### Data extract

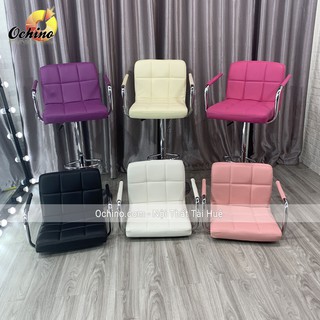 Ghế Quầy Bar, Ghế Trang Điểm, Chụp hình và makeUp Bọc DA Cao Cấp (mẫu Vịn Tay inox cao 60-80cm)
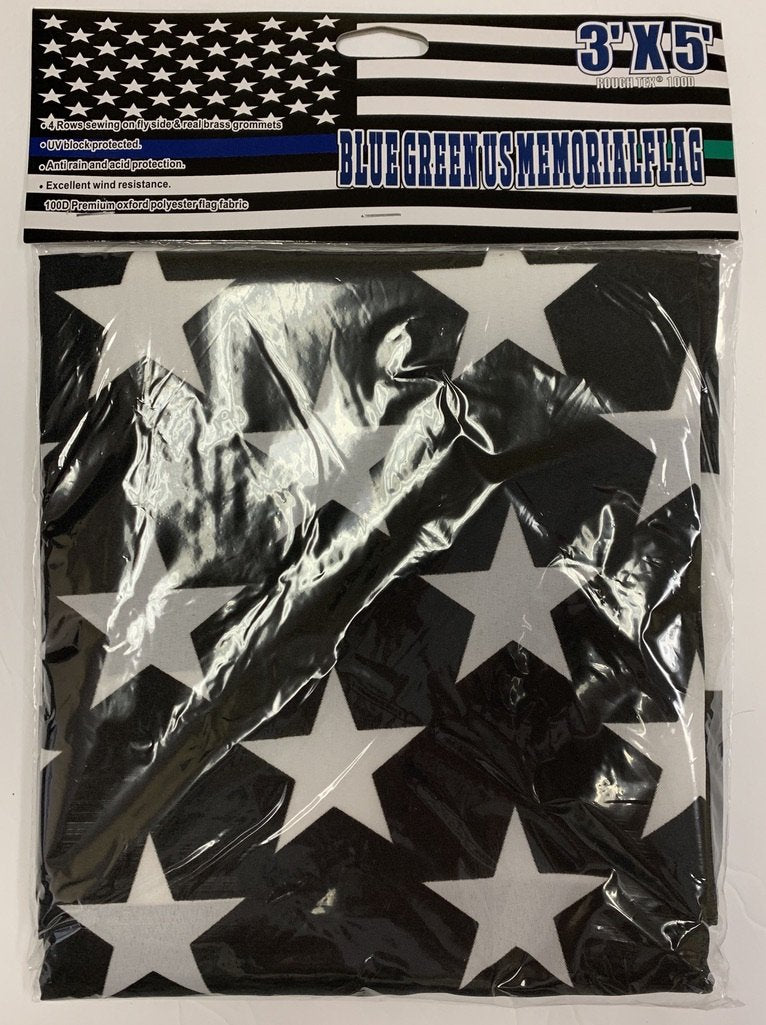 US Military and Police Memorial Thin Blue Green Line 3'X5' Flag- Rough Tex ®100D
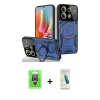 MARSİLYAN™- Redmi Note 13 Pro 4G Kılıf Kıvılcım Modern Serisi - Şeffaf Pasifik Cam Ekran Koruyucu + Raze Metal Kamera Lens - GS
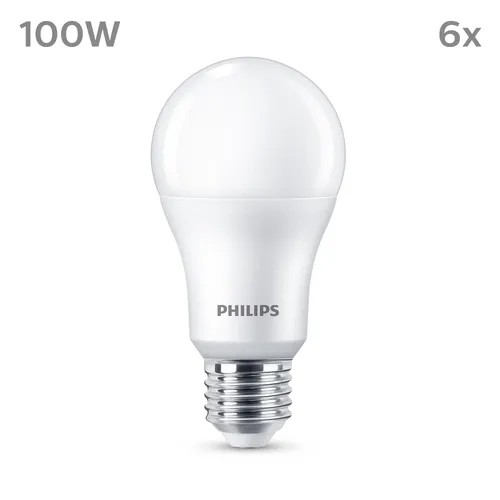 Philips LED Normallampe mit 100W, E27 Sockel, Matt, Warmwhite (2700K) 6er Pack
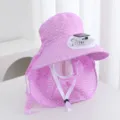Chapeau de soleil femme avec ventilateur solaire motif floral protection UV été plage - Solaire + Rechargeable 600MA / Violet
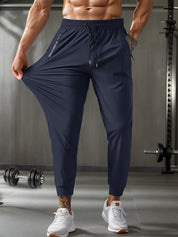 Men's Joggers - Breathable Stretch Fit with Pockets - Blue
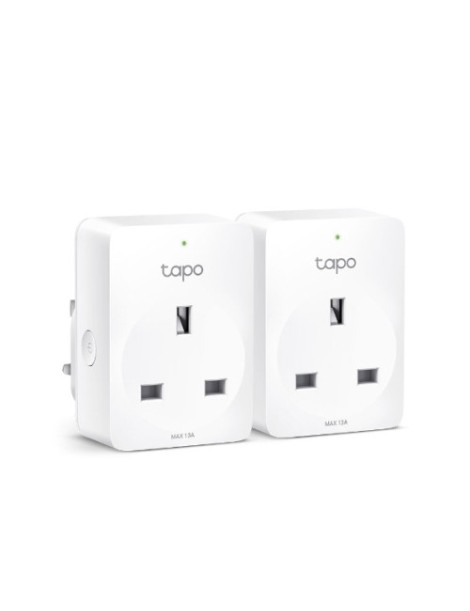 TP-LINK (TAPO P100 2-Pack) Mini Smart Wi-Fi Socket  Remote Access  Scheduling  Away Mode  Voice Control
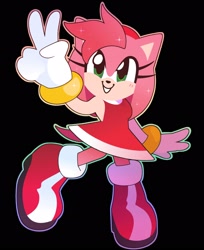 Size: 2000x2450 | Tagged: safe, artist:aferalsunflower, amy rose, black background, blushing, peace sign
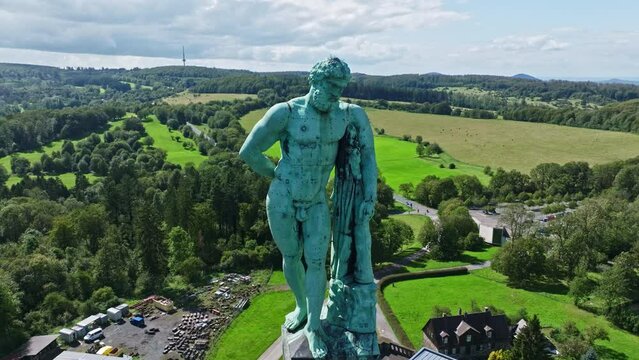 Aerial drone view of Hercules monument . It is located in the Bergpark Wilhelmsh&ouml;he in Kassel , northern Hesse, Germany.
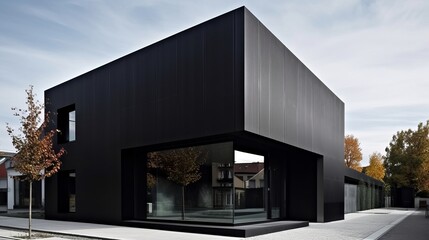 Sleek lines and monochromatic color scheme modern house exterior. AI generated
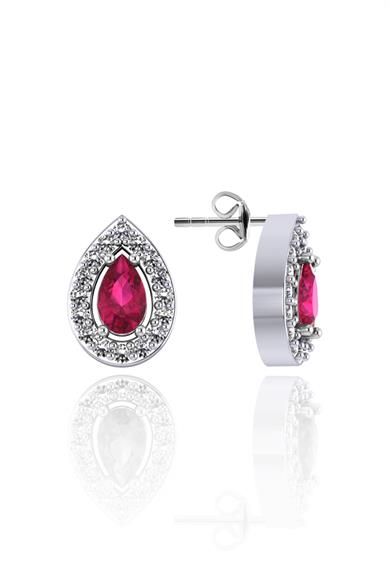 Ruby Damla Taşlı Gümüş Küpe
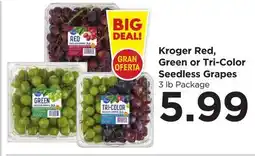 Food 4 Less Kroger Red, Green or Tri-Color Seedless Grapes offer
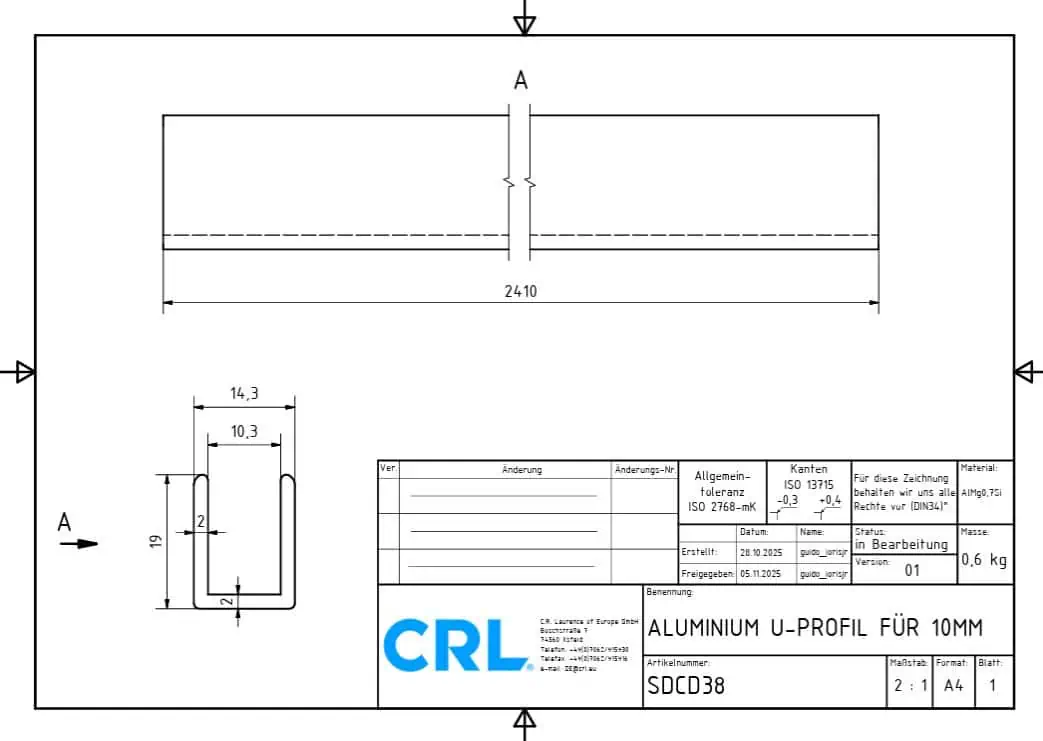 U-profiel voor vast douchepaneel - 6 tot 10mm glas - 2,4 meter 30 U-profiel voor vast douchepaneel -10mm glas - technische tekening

######

- Exercise goal: All the lines above need to be repeated exactly, with no pictures carried over.

- Result for this task:
 Ghế Quầy Bar, Ghế Trang Điểm, Chụp hình và makeUp Bọc DA Cao Cấp (mẫu Vịn Tay inox cao 60-80cm)
 US Military and Police Memorial Thin Blue Green Line 3'X5' Flag- Rough Tex ®100D
 MARSİLYAN™- Redmi Note 13 Pro 4G Kılıf Kıvılcım Modern Serisi - Şeffaf Pasifik Cam Ekran Koruyucu + Raze Metal Kamera Lens - GS
 Philips LED Normallampe mit 100W, E27 Sockel, Matt, Warmwhite (2700K) 6er Pack
Chapeau de soleil femme avec ventilateur solaire motif floral protection UV été plage - Solaire + Rechargeable 600MA / Violet
 Men's Joggers - Breathable Stretch Fit with Pockets - Blue
 TP-LINK (TAPO P100 2-Pack) Mini Smart Wi-Fi Socket  Remote Access  Scheduling  Away Mode  Voice Control
 Size: 2000x2450 | Tagged: safe, artist:aferalsunflower, amy rose, black background, blushing, peace sign
 Aerial drone view of Hercules monument . It is located in the Bergpark Wilhelmsh&ouml;he in Kassel , northern Hesse, Germany.
 Sleek lines and monochromatic color scheme modern house exterior. AI generated
 Ruby Damla Taşlı Gümüş Küpe
 Food 4 Less Kroger Red, Green or Tri-Color Seedless Grapes offer
 U-profiel voor vast douchepaneel - 6 tot 10mm glas - 2,4 meter 30 U-profiel voor vast douchepaneel -10mm glas - technische tekening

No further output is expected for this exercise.